Superior Hiking Trail marks 40 years with Two Harbors celebration
Castle Danger Brewery in Two Harbors anchored the Superior Hiking Trail’s 40th birthday, one of four North Shore parties tied to National Trails Day.

The Superior Hiking Trail marked its 40th anniversary with a North Shore celebration built around a simple idea: hit the trail, then meet up with the people who keep it alive. In Two Harbors, Castle Danger Brewery hosted one of four birthday parties held Saturday, June 6, alongside gatherings in Grand Marais, Tofte and Duluth.
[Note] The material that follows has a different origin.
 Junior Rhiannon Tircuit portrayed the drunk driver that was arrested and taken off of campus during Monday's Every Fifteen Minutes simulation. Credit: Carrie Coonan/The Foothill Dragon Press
The Superior Hiking Trail Association framed the anniversary as its “Ultimate Birthday Celebration,” inviting hikers to register for a preferred section of trail to “hike, run, or saunter.” The timing lined up with National Trails Day, which American Hiking Society set for the first Saturday in June. In 2026, that fell on June 6.
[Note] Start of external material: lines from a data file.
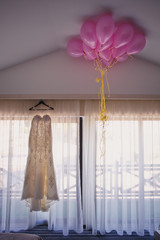 Wedding dress by the window and pink balloons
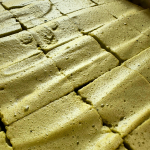 Matcha Marshmallows cut into squares on a baking tray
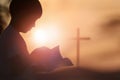 A child reading a bible and a cross in the sunset sky Royalty Free Stock Photo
The trail’s 40-year milestone also underscored how much of a community project it has been from the start. The Superior Hiking Trail Association was established in 1986, the same year the trail began, and trail-history accounts note that it started with no trail at all. Today, official materials describe a 300-plus-mile route along Lake Superior’s North Shore, stretching from the Minnesota-Wisconsin border near Duluth to the Canadian border area and climbing and dropping across roughly 80,000 feet of elevation change.
Executive Director Lisa Luukkala said the anniversary is about honoring the early trail builders and sharing stories from the broader trail community. That history matters in Lake County, where the trail functions as both public infrastructure and a tourism draw for trail towns and businesses tied to outdoor travel. The Two Harbors celebration at Castle Danger Brewery put that connection in plain view, while Bluefin Bay on Lake Superior in Tofte hosted another party just up the shore.
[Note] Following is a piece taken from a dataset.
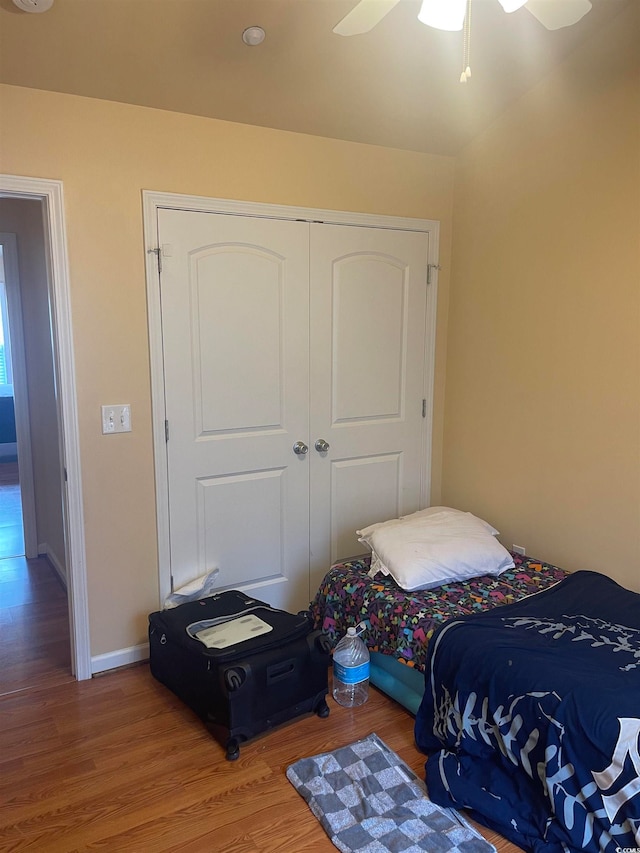 bedroom with ceiling fan, wood-type flooring, and a closet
The association is also pushing the Hike 40 Challenge, which asks people to complete 40 Trail miles during calendar year 2026. Participants can do it by hiking, walking, running, backpacking or snowshoeing, and the challenge includes historically significant sections of the trail. Anniversary merchandise and podcast storytelling are part of the campaign as well.
The trail association’s retrospective says the first guide to the Superior Hiking Trail helped turn the footpath into a destination and drew national attention. Forty years later, the route still depends on volunteers, still drives visits to North Shore communities, and still gives Lake County a shared asset worth celebrating and maintaining.